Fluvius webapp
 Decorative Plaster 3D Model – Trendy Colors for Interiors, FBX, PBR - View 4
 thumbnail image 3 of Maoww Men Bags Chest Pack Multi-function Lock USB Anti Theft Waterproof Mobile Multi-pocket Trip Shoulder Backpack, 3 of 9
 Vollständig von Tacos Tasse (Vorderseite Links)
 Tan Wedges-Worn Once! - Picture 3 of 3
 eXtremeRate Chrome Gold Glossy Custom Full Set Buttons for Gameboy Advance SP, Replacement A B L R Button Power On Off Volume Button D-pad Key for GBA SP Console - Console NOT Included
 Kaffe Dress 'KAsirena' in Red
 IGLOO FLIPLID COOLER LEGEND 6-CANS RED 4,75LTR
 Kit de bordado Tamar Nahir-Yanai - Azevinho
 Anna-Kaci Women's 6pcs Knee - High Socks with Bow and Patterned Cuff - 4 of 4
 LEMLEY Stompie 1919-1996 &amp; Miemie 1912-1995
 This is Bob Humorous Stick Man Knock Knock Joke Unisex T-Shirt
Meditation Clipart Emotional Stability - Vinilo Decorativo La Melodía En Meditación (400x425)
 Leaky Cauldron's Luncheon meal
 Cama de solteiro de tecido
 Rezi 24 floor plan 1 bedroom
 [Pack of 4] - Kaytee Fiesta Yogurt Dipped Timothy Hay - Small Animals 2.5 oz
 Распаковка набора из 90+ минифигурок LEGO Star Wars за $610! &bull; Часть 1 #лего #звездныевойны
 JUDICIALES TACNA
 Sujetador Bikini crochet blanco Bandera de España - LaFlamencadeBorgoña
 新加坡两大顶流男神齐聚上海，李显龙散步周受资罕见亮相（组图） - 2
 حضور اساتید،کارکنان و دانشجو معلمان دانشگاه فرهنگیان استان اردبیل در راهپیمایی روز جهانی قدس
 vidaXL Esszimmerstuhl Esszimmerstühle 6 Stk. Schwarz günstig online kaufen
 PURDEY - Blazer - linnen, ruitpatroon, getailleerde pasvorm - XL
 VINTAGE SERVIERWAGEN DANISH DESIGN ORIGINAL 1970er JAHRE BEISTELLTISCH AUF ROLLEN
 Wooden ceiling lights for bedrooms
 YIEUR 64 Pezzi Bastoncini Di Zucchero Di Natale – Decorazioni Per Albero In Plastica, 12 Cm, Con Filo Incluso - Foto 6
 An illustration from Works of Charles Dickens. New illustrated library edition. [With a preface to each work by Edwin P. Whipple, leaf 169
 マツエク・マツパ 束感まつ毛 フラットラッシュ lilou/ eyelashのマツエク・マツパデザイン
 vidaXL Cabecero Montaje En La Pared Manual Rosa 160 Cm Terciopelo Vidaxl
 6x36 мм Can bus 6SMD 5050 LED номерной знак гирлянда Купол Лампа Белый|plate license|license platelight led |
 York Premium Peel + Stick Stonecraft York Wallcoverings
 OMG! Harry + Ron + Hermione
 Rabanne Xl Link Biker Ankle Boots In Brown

■ ■ ■

Take the line containing "vidaXL Esszimmerstuhl Esszimmerstühle" as the start and the last line of the data as the end, and reproduce that range exactly.

 vidaXL Esszimmerstuhl Esszimmerstühle 6 Stk. Schwarz günstig online kaufen
 PURDEY - Blazer - linnen, ruitpatroon, getailleerde pasvorm - XL
 VINTAGE SERVIERWAGEN DANISH DESIGN ORIGINAL 1970er JAHRE BEISTELLTISCH AUF ROLLEN
 Wooden ceiling lights for bedrooms
 YIEUR 64 Pezzi Bastoncini Di Zucchero Di Natale – Decorazioni Per Albero In Plastica, 12 Cm, Con Filo Incluso - Foto 6
 An illustration from Works of Charles Dickens. New illustrated library edition. [With a preface to each work by Edwin P. Whipple, leaf 169
 マツエク・マツパ 束感まつ毛 フラットラッシュ lilou/ eyelashのマツエク・マツパデザイン
 vidaXL Cabecero Montaje En La Pared Manual Rosa 160 Cm Terciopelo Vidaxl
 6x36 мм Can bus 6SMD 5050 LED номерной знак гирлянда Купол Лампа Белый|plate license|license platelight led |
 York Premium Peel + Stick Stonecraft York Wallcoverings
 OMG! Harry + Ron + Hermione
 Rabanne Xl Link Biker Ankle Boots In Brown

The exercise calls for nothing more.